WHO DAT: 31-17, SAINTS!

Feb 07, 2010 22:21

Just for the record: New Orleans has gone CRAZY. Took less than a minute to get Bourbon Street filled wall-to-wall and end-to-end with cheering, screaming people after the game ended. (The street itself, not the bars, y'all.) I tried to text Puck right after the game, and it would not go through. My dad tried to call Grandma, and it would not go through. Fireworks? You better fucking believe there were fireworks. Still going on, too.

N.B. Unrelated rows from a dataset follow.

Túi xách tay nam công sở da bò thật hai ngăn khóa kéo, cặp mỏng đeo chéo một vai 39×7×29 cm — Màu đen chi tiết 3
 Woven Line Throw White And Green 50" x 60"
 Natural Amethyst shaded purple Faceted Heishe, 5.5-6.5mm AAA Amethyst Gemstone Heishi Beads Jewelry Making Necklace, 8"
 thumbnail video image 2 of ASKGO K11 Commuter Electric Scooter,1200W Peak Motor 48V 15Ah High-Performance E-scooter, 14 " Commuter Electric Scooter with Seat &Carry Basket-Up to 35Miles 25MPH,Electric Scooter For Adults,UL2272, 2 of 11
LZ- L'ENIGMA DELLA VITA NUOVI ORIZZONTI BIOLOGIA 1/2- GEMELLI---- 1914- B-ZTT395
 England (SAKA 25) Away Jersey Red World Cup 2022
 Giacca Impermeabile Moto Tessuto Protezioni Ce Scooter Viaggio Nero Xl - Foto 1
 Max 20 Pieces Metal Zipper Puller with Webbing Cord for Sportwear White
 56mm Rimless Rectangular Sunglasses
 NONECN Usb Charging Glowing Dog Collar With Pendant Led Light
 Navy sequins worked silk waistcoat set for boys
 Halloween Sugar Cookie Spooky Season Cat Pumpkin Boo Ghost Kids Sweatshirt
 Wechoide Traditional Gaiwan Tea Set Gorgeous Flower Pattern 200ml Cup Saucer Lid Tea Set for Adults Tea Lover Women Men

I could hear the roar of people celebrating in my sleepy suburban neighborhood when I stepped outside. You can hear it inside if they're close by.

Also, the honking is going to drive me crazy if it goes on all night.

[Pux]: I think that's the best rendition of that song I have ever heard.
[Me]: Yeah.

["The Star-Spangled Banner" is not an easy song to sing.]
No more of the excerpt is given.